*Your instructions*. Please copy each line in the records below that contains the string "Jersey".

*Stored data*.
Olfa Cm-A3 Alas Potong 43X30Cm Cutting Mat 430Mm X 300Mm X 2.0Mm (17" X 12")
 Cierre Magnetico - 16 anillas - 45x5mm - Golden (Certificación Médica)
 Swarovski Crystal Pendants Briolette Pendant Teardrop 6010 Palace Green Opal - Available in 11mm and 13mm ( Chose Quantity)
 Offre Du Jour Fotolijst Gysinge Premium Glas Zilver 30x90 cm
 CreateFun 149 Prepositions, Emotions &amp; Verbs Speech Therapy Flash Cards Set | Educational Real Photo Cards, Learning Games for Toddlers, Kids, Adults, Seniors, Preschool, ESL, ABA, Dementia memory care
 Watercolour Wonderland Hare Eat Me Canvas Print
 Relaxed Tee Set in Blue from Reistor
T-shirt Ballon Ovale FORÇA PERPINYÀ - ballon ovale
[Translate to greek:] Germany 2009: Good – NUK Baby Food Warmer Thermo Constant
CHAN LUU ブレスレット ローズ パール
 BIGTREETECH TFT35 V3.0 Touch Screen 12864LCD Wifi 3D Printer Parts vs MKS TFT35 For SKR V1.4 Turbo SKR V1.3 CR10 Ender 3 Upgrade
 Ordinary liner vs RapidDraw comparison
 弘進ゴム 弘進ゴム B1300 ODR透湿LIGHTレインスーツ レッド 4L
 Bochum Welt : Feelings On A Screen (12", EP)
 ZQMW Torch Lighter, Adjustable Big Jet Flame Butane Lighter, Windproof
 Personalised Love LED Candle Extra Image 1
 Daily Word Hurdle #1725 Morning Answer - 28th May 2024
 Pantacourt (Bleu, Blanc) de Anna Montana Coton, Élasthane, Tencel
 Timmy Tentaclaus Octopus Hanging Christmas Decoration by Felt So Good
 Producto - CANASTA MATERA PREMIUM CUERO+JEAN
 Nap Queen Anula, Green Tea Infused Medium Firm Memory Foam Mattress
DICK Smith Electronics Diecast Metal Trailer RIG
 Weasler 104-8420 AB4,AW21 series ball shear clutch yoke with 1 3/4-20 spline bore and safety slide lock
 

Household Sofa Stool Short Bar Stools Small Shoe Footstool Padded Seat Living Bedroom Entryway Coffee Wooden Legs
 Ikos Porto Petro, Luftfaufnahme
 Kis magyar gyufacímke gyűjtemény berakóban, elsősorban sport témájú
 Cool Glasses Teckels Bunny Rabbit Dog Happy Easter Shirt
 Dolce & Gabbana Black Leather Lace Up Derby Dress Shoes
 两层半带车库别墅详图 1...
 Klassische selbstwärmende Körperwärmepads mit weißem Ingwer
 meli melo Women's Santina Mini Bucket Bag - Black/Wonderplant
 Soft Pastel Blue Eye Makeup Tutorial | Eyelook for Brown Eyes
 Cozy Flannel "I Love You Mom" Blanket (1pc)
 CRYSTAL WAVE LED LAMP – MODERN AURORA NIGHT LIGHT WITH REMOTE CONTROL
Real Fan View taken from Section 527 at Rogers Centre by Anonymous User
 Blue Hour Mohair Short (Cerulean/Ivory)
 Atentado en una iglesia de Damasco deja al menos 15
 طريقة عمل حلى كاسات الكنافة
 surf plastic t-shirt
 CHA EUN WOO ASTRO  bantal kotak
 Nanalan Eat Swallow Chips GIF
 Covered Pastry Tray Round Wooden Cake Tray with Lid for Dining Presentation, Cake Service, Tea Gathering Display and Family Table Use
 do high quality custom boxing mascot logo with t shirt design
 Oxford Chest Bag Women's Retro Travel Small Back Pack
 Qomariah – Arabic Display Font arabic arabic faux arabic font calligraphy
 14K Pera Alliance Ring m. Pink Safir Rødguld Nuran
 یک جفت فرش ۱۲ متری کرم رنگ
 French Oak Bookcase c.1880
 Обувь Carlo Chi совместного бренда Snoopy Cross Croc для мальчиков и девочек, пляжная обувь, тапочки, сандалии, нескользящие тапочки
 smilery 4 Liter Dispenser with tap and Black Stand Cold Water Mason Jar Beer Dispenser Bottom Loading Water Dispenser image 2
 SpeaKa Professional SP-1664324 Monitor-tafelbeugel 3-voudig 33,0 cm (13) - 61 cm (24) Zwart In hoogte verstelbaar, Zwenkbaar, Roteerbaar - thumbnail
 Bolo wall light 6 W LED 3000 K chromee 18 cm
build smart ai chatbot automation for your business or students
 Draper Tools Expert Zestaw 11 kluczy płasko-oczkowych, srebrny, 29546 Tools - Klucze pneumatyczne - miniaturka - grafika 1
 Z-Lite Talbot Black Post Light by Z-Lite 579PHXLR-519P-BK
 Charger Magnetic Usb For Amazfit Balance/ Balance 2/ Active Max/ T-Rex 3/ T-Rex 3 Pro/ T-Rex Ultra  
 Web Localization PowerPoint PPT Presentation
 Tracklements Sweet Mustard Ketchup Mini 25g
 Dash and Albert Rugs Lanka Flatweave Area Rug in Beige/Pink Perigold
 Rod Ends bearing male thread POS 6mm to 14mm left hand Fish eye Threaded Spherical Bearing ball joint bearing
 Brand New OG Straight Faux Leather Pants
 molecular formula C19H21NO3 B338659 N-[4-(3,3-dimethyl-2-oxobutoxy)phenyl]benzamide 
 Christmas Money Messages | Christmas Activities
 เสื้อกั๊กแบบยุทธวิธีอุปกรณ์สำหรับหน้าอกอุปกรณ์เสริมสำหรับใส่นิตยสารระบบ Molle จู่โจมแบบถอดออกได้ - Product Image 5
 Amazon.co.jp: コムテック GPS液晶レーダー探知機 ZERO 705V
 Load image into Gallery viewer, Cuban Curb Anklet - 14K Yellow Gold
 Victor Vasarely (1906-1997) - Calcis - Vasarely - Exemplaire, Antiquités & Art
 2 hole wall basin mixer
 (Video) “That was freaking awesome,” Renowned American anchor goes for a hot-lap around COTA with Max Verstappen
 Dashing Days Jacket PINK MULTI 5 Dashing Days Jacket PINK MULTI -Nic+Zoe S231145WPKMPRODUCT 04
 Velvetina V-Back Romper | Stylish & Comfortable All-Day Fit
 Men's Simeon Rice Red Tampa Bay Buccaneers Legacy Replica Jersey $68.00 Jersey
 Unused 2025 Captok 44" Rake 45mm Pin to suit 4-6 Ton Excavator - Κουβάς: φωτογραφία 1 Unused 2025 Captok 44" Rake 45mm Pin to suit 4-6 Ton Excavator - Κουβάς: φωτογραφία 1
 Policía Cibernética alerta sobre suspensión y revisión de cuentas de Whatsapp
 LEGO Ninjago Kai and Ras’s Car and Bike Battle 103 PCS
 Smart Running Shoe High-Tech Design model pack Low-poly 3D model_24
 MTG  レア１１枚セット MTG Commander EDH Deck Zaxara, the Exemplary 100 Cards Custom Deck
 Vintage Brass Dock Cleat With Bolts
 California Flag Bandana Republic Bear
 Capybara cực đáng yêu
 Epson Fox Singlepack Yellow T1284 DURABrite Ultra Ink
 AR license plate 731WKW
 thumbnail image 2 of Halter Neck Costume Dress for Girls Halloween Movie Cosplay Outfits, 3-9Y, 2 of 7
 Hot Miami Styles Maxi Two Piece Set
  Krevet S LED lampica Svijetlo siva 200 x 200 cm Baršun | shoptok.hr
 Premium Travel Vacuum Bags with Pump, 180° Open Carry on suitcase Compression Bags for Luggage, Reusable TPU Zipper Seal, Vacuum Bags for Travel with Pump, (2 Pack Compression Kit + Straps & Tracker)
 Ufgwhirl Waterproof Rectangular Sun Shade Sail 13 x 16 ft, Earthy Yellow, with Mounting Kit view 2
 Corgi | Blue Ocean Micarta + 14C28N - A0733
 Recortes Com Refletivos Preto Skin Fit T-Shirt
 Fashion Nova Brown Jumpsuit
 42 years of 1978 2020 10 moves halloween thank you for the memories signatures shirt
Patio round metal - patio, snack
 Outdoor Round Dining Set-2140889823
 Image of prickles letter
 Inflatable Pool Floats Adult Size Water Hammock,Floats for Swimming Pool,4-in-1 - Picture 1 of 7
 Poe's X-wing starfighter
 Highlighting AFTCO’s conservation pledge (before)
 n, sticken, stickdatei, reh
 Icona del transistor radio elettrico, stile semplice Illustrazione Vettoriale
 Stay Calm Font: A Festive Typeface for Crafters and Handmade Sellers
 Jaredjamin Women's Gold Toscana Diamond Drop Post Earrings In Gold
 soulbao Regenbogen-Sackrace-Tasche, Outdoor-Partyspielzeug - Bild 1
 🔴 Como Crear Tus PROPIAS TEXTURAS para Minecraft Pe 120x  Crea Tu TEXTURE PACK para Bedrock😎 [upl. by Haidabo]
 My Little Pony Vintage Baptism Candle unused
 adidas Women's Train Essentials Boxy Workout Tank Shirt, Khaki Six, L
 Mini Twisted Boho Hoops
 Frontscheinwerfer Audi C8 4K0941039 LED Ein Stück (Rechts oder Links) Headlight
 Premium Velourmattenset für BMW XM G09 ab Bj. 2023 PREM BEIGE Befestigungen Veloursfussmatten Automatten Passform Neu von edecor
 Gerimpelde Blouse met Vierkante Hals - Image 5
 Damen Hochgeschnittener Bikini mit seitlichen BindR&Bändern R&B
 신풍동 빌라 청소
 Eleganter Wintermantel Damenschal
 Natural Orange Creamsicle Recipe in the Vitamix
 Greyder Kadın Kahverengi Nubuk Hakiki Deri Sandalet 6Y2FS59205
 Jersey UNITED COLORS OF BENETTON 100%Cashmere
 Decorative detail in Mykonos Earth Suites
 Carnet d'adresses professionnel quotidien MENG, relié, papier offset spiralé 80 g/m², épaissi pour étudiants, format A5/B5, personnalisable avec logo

*Solution for this exercise*.
 Men's Simeon Rice Red Tampa Bay Buccaneers Legacy Replica Jersey $68.00 Jersey
 Jersey UNITED COLORS OF BENETTON 100%Cashmere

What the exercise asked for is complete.